Traffic Calming Measures are what I'm told are part of our future, that name seems to suggest more, but is just a fancy name for what is really just a method to control a speeding problem on our roads. The older standard was the simple speed bump which was installed in many variations and could be made of formed asphalt, or for temporary installations, a heavy duty rubber. Even though speed bumps might be the most successful at slowing traffic down, the costs for installation and maintenance are high, plus during the winter months snow removal is much more difficult.

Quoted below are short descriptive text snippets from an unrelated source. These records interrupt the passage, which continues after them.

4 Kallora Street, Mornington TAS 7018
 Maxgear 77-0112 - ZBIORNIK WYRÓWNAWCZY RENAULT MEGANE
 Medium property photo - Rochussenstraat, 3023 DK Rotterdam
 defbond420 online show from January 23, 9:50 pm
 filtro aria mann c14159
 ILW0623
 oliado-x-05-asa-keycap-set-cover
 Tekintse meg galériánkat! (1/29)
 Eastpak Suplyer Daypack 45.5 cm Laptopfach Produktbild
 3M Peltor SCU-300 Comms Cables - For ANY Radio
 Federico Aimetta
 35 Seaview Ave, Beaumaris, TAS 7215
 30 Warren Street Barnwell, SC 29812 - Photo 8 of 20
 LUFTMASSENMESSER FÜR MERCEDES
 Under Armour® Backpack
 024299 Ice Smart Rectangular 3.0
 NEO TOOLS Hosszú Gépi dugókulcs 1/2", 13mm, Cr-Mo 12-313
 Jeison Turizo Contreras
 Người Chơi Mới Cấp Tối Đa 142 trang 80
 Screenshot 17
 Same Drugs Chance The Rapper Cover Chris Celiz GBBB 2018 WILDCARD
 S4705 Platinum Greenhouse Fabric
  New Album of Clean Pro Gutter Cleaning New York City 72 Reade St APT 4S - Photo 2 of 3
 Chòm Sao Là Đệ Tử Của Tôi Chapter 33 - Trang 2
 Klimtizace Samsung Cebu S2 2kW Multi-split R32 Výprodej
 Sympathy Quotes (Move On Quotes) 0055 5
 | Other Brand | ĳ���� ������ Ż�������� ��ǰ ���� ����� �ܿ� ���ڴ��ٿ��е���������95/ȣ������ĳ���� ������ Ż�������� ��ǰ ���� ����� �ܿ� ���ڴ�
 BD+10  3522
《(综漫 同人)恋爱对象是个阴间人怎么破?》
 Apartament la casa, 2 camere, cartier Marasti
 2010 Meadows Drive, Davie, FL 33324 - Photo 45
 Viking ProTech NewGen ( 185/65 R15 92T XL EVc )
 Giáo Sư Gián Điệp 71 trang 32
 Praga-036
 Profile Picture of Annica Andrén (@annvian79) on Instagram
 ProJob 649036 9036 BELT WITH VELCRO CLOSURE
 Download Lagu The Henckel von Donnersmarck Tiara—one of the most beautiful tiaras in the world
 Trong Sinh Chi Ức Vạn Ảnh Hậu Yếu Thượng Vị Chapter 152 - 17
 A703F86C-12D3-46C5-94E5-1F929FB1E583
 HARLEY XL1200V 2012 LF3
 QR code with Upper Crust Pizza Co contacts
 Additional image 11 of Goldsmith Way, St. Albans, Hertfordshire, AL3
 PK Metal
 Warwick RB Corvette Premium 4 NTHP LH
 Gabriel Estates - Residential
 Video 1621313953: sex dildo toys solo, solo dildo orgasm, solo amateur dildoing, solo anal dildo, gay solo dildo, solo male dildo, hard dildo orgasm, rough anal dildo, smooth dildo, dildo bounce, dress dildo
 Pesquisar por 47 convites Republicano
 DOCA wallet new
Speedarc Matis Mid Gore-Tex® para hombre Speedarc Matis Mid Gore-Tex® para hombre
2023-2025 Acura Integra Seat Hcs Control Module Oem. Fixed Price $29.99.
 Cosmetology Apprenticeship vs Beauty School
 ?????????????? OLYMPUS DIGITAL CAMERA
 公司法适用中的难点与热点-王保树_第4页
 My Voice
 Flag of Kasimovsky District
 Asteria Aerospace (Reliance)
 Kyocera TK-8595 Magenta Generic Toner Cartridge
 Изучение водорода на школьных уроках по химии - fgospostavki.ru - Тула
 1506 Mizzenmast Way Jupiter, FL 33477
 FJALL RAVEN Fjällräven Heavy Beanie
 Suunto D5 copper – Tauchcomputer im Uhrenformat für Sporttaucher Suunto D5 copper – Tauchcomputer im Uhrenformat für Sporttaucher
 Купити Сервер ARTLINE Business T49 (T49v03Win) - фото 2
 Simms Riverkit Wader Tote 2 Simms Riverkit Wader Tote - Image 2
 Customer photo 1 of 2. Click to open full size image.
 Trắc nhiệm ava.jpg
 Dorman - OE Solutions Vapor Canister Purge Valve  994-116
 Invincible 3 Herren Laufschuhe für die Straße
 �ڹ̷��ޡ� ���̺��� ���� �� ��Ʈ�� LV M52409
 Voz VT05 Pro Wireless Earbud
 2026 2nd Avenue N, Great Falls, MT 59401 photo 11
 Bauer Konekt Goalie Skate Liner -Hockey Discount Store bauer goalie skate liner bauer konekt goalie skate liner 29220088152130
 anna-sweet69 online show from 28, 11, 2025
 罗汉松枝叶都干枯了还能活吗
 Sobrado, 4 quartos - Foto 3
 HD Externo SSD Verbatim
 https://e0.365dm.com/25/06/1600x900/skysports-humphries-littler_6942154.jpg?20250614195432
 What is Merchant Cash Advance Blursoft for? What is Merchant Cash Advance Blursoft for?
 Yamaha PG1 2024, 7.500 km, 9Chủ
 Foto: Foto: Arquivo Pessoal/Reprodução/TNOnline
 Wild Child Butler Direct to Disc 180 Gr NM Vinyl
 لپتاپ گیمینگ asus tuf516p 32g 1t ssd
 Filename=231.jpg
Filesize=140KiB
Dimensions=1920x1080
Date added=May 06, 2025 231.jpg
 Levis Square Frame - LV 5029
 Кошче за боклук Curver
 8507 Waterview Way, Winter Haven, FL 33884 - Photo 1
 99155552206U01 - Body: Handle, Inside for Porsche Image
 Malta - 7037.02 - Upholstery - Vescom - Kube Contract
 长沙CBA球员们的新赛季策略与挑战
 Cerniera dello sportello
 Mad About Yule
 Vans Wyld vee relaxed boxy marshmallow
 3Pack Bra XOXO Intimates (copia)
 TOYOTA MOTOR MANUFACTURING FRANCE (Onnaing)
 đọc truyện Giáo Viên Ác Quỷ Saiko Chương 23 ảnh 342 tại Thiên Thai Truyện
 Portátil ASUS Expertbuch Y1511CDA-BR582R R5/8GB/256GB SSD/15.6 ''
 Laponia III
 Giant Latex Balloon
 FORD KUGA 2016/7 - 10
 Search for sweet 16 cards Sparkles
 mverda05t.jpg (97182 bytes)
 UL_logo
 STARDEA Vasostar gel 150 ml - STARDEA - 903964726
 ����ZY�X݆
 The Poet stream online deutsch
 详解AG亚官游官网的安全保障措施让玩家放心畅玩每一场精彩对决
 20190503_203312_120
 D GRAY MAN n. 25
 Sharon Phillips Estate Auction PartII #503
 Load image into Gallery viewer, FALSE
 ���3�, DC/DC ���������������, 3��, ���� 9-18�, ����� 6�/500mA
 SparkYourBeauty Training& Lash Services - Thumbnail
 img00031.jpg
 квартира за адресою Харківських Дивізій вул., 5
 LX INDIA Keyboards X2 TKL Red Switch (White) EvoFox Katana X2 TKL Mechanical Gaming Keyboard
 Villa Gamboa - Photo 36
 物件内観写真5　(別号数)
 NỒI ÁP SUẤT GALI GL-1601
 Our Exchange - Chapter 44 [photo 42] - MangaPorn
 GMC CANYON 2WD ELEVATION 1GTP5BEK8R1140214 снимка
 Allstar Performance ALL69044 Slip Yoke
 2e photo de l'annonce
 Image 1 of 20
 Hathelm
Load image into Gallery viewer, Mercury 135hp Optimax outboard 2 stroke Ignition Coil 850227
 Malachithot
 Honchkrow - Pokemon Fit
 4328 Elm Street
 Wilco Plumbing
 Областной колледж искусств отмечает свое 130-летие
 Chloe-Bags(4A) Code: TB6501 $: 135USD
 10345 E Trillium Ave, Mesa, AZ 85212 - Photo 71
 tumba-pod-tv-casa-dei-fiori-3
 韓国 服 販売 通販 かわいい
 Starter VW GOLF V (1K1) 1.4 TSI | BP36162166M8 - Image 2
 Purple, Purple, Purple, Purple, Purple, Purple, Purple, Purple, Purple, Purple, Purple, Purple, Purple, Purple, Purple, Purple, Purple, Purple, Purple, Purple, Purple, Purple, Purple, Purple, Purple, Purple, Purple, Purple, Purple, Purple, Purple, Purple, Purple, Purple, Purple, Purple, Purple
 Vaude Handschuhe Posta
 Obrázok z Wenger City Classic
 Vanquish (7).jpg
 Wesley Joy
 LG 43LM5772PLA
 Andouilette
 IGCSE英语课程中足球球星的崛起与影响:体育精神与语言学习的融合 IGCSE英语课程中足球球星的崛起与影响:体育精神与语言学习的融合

With so many ideas available today on how to incorporate these "Traffic Calming Measures" into our every day driving, the cheapest method sometimes ends up being the best or most effective bang for our tax dollars. Sometimes for an added bonus, the method used will also serve as a multipurpose solution for many other issues, and depending on the level of integration of this method into an area, the desired result could leave many driver's totally unaware that they are passing through a Traffic Calming Measure.

The theory behind most of these more recent approach's to the speeding problem is to be a lot more creative by introducing a change to the road or area that causes the driver to be more cautious while driving. Many new housing developments now incorporate more curves in there streets, and use traffic circles instead of stop signs on their roads to limit speeding. Older more established areas that have a speeding problem or in commercial areas trying to slow traffic to promote more visibility are now testing out a road width reduction method that also reclaims part of the road space for other purposes and restricts traffic to narrow lanes at the same time, very similar to going through a road under construction with road workers busy working by the roads edge. Using this reclaimed road space for tables and benches promoting people to use these extra spaces seems to be a great idea, but every time I go through one, I can't help but wonder when someone will get hurt for being too close to busy road traffic.